Vu et entendu : Orlando - Le Vagabond ensorcelé - le Grand Éclair - les Joueurs- Lodoïska.

Article mis en ligne le décembre 2010
dernière modification le 24 janvier 2011

par Pierre-René SERNA

La conjonction de différents talents, dont le savoir-faire imaginatif et éprouvé du metteur en scène David McVicar, et d’un génie, Haendel, consacre cet Orlando présenté au Théâtre des Champs-Élysées comme un grand moment lyrique.

McVicar, dont on garde encore le souvenir ébloui de son Semele (voir Scènes Magazine de septembre), revient donc à Haendel. Dans ce cas, Orlando a été étrenné à l’Opéra de Lille, un mois avant d’être présenté à Paris. Il s’agit donc d’un spectacle rodé et abouti. Et cela se note à chaque détail, dans la précision des mouvements, l’adéquation du jeu scénique ou la justesse des éclairages. L’inventivité du metteur en scène trouve ainsi sa parfaite transmission, dont on relèvera deux éléments saillants : la vérité des situations, en concordance avec la musique, et l’élégance de l’ensemble. Deux vertus, finalement, assez peu souvent réunies dans les productions d’opéra. McVicar a choisi de transposer cette histoire mythologique, qui voit la magie et la jalousie rendre fou le héros, à l’époque de sa création : le XVIIIe siècle. Mais sans reconstitution historiciste ni fanfreluches.

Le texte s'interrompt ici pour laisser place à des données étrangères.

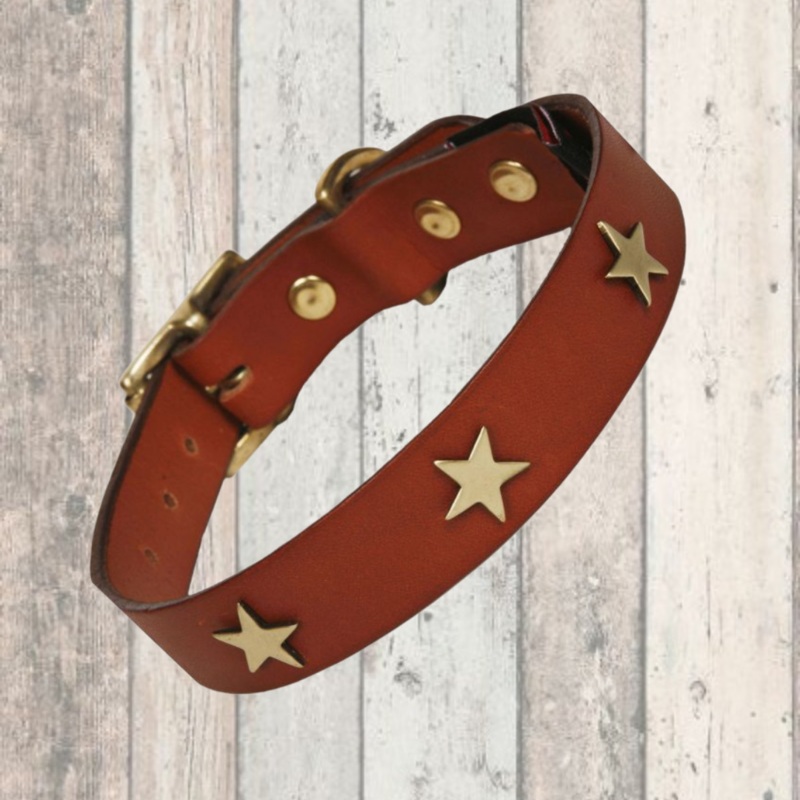 Tan Star Creature Clothes Dog Collar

Théâtre des Champs-Elysées : « Orlando » Acte I-9
© Alvaro Yanez

On serait donc dans un climat théâtral proche des Noces de Figaro ou de Don Giovanni, assez inattendu pour Haendel. Les personnages gagnent en acuité, avec des caractères et des sentiments méticuleusement dessinés, immédiatement sensibles. Mais c’est la beauté – substantif à utiliser avec parcimonie quand il s’agit de mise en scène – qui s’en dégage, dans une suite de tableaux nimbés d’une aura poétique qui ferait songer à l’univers de Watteau mêlé de celui de Georges de la Tour. Bravo à toute l’équipe ! la scénographe et costumière Jenny Tiramani, le chorégraphe Andrew George et l’éclairagiste Davy Cunningham.

Mais ce ne serait rien sans la musique. À cet égard le plateau vocal accomplit judicieusement sa mission, où se détachent Henriette Bonde-Hansen, Angelica immanente, Stephen Wallace, Medoro à la voix de contre-ténor évanescent, et Sonia Prina, Orlando ardent dans une tessiture qui devrait être comparable à celle du castrat pour qui le rôle-titre fut écrit. À la tête de son Concert d’Astrée, meilleur que jamais, Emmanuelle Haïm prend une belle revanche (après ses déboires précédents à l’Opéra de Paris ; voir Scènes Magazine de mars) : avec une direction incisive et toujours tendue. Une sorte de bijou lyrique, pour un spectacle appelé à durer.

Vagabondages et sorcelleries
Rodion Tchédrine est un compositeur qui commence à sortir de sa Russie natale. Les pays anglo-saxons l’ont d’abord découvert, et Paris l’accueille à son tour. C’est le Vagabond ensorcelé qui s’en fait l’ambassadeur au Châtelet. L’opéra fut créé en 2002 à la demande de Lorin Maazel pour l’Orchestre philharmonique de New York. De ce contexte, l’œuvre garde la trace, intitulée “ opéra pour salle de concert ”. Et aussi son esthétique, puisque Maazel avait insisté pour que la musique et sujet sonnent “ russes ”. Il y a donc une référence à la littérature traditionnelle : ici une légende tirée par le compositeur lui-même de Nikolaï Leskov (écrivain du XIXe siècle, que Chostakovitch avait utilisé pour Lady Macbeth), avec une histoire de moine perclus de remords face à une Tsigane et à un prince ; et une musique qui reprend les schémas habituels : chœurs mystiques, cloches et une basse pour personnage central. Ce serait d’un Moussorgski teinté de Chostakovitch. Pour dire que le langage se veut sagement consonant, comme une sorte de Dutilleux devenu rangé. Ce n’est pas à ses près de 80 ans que Tchédrine va changer son vocabulaire !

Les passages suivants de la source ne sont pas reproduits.